À Bangui, les avenues de la capitale continuent d’accueillir un nombre croissant d’enfants vivant dans la rue. Cette réalité alarmante, qui met en péril leur bien-être, soulève de nombreuses interrogations sur leur sécurité, leur santé et leur avenir. Face à cette situation, ils réclament qu’une intervention urgente soit menée afin de garantir leurs droits fondamentaux.
Au quartier Benz-VI, face au snack-bar communément appelé « Le 16 », le spectacle est saisissant. Un groupe d’enfants âgés de 7 à 17 ans dort à même le sol, sans moustiquaire, exposé aux moustiques et aux intempéries. Ces enfants, qui survivent grâce à la générosité des passants et aux restes de nourriture, trouvent refuge dans deux petites maisons juxtaposées : l’une sans porte, l’autre à peine sécurisée. Ces abris précaires servent à la fois de logement, de point de rassemblement et d’espace de vie.
Ici, le quotidien de ces enfants oscille entre moments de détresse et instants de solidarité. À 13 heures, certains, cheveux en désordre, jouent aux cartes pour oublier, un temps, leur réalité. Jephté, surnommé « Artiste », explique : « Je vis dans la rue depuis longtemps parce qu’après le décès de mes parents, je n’ai personne pour me soutenir et je suis rejeté par ma famille. », a-t-il confié.
Après une année passée dans la rue, Divine Nativa Wanzo, une adolescente d’environ treize ans, avoue avec un regard baissé, ne plus envisager un retour immédiat au domicile familial : « Je me sens beaucoup mieux dans la rue qu’à la maison. Là-bas, je ne suis pas libre et on ne me traite pas comme je le souhaite. C’est pour cela que j’ai décidé de venir ici. », a-t-elle partagé.

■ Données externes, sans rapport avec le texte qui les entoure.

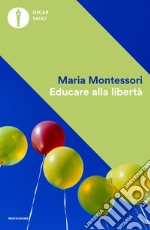 Educare alla libertà libro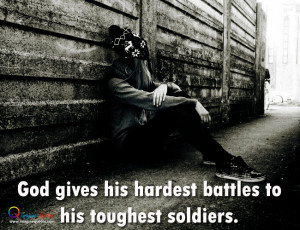 God gives his hardest battles to his toughest soldiers.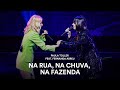 Na Rua Na Chuva Na Fazenda Part Fernanda Abreu Paula Toller Ao Vivo Amorosa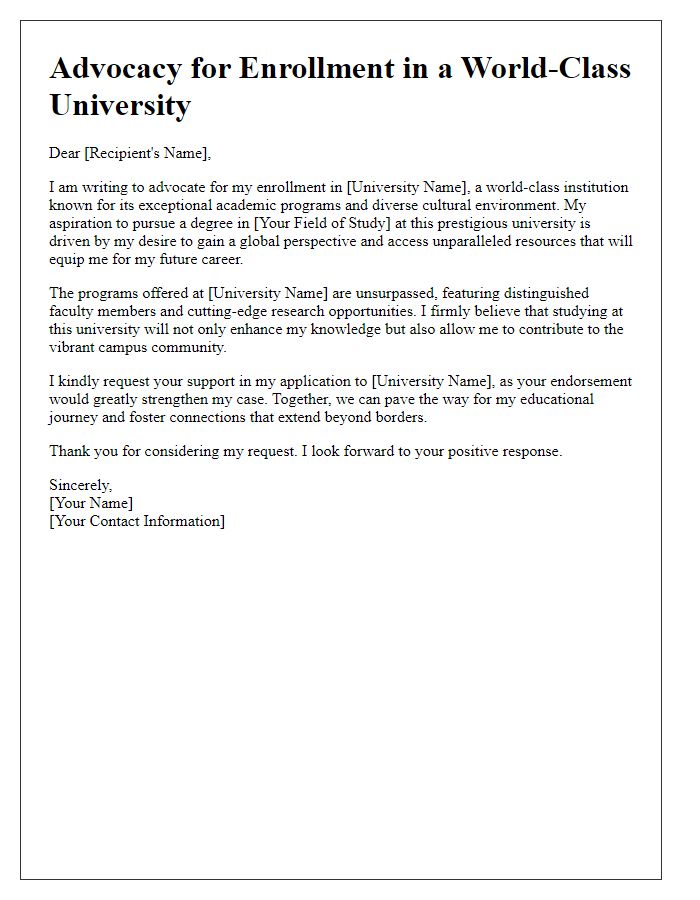 Letter template of advocacy for enrolling in a world-class university overseas.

Quant au délégué du groupe qui préfère garder l’anonymat, il garde l’espoir de retourner chez ses parents, mais à ses conditions : « Je ne rentrerai chez moi qu’une fois que j’aurai reçu une formation dans un domaine quelconque », confie-t-il.
Face à cette situation préoccupante, Donald Nzi Adoum, directeur exécutif national du Centre pour la promotion et la défense des droits de l’enfant (CPDE), interpelle les autorités. Il appelle le gouvernement à mettre en place des politiques publiques efficaces pour assurer un avenir meilleur à ces enfants en situation de rue.
Il convient de rappeler que chaque 12 Avril, le monde célèbre la journée internationale des enfants vivant dans la rue pour mettre en lumière les défis auxquels ils font face au quotidien et appeler à une mobilisation massive en leurs faveur. Cependant en République centrafricaine, l’article 41, alinéa 3, de la Constitution du 30 août 2023 stipule que tout enfant a droit à la protection de sa famille, de la société et des pouvoirs publics. Pourtant, pour les enfants de Benz-VI, cette protection reste largement insuffisante.